Si en étudiant l’état de l’âme pendant le sommeil , nous pouvions parvenir à réduire tous les phénomènes des songes à un petit ‘nombre de principes, même à un seul, nous aurions fait faire un pas à la science de l’esprit humain : et cette généralisation seroit utile, lors même que nous ne pourrions pas aller au-delà ; lors même qu’il nous seroit impossible de dire comment le sommeil agit, ou comment les changemens qu’il opère dans le corps sont liés à ceux qui affectent en même tems notre esprit. Un tel pas satisferoit, au moins jusqu’à un certain point, ce penchant qui nous porte à remonter des faits de détails aux lois générales, penchant qui est le principe et le fondement de toutes les recherches philosophiques. Et dans ce cas particulier, je suis porté à croire que cette espèce de travail est la seule qui puisse [p. 82] nous conduire au but, et qui soit assortie aux bornes étroites de nos facultés.

Dans cette recherche, où il s’agit de reconnoîre l’état de l’âme pendant le sommeil, il semble raisonnable d’espérer que l’on pourra tirer quelque lumière d’un examen attentif des circonstances qui retardent le sommeil ou qui l’accélèrent. En effet, il est naturel de croire, que lorsque nous sommes enclins à dormir, l’état de notre esprit approche plus de celui qu’il revêt en dormant, que lorsqu’il est enclin à la veille et que nous nous sentons dans un état de vie et d’activité, capables en un mot d’appliquer nos diverses facultés aux objets qui sont propres à chacune d’elles.

On remarque en général que l’approche du sommeil est accélérée par toutes les circonstances, qui diminuent ou suspendent l’exercice de nos facultés mentales ; et qu’elle est retardée par tout ce qui a une tendance contraire. Lorsque nous cherchons le sommeil, nous tâchons d’écarter autant que nous le pouvons, toutes les occasions de déployer l’activité de notre esprit ; et pour cela nous nous efforçons de dégager notre attention de tout ce qui pourroit la fixer et l’intéresser [p. 83] fortement. Lorsqu’au contraire nous avons envie de nous tenir éveillés, nous fixons notre attention sur quelque sujet propre à donner de l’emploi à nos facultés intellectuelles, ou à exciter notre activité et à lui donner de l’exercice.

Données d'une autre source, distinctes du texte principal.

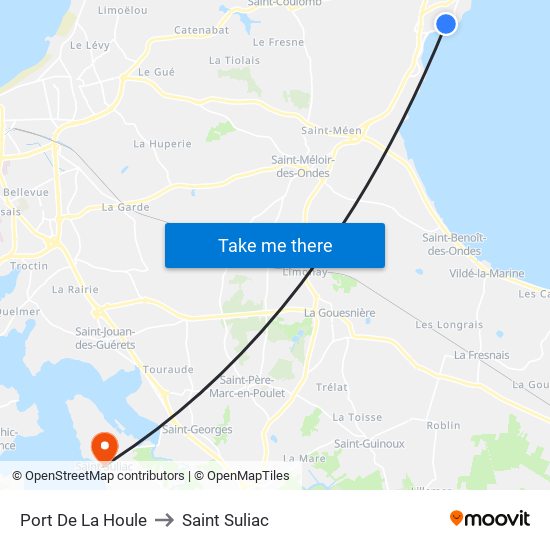 Port De La Houle to Saint Suliac map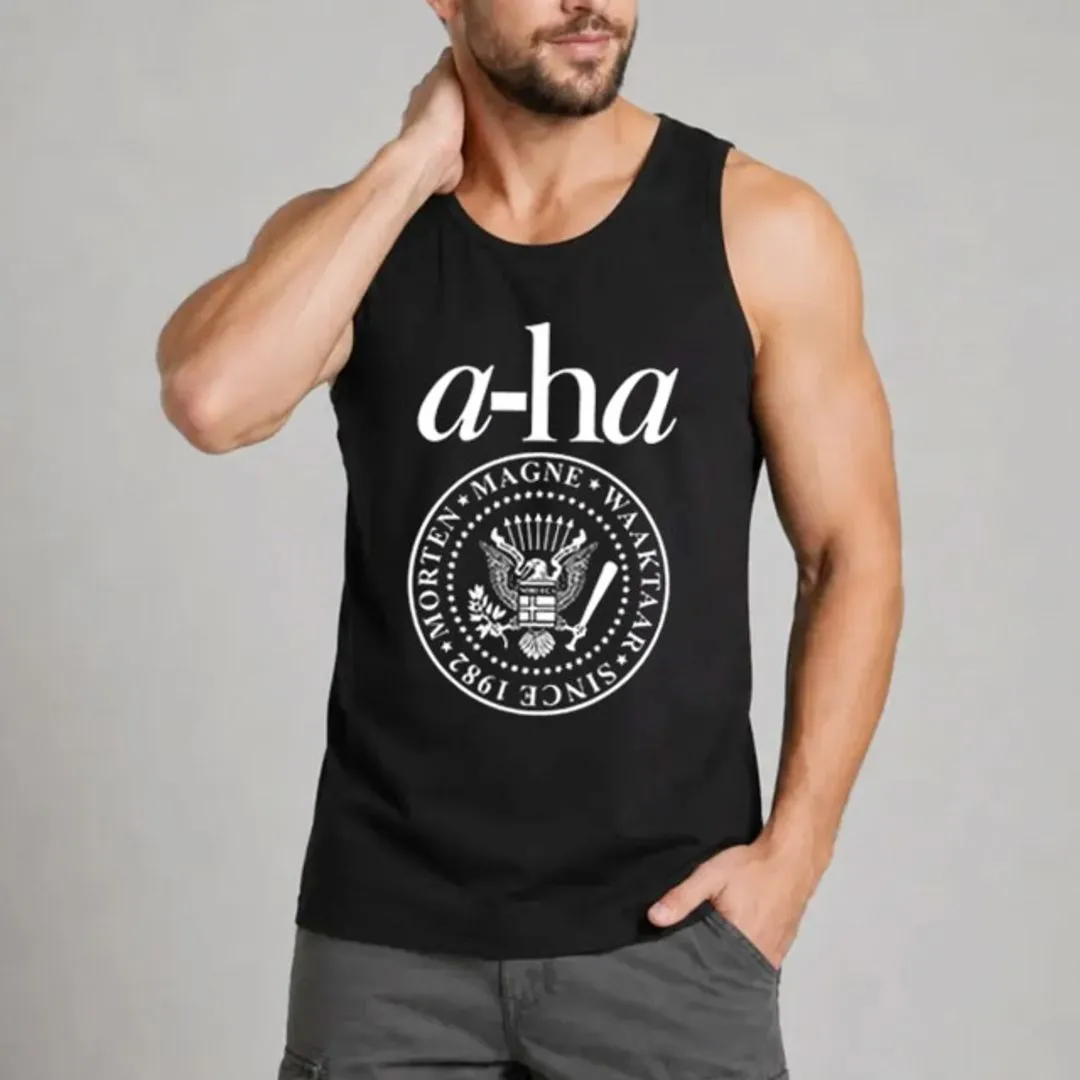 Camiseta regata a-Ha, estampa exclusiva, cores variadas tamanhos unisex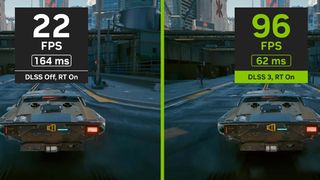 Nvidia DLSS 3.5 vs native screen resolution with a car driving through Night City in Cyberpunk 2077.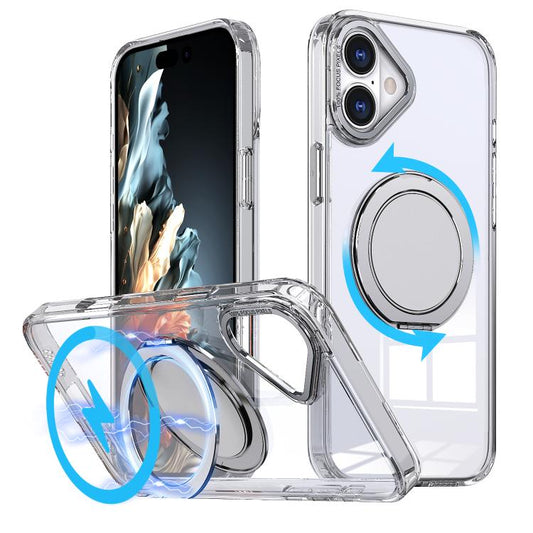 For iPhone 16 Plus Kalebol 360-degree Rotating MagSafe Magnetic Holder Phone Case(Transparent) by Kalebol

On sait très-bien, que certaines suites de sons disposent au sommeil. Le bourdonnement des abeilles, le murmure d’un ruisseau, la lecture d’un discours dépourvu d’intérêt, produisent souvent cet effet, ou ont du moins une tendance remarquable à le produire. Si l’on examine de plus près cette classe de sons, on verra qu’ils sont tous du nombre de ceux, qui distraient l’attention que l’esprit est porté à donner à ses propres pensées, et qui cependant n’ont point assez d’intérêt pour occuper cette attention qu’ils ont distraite.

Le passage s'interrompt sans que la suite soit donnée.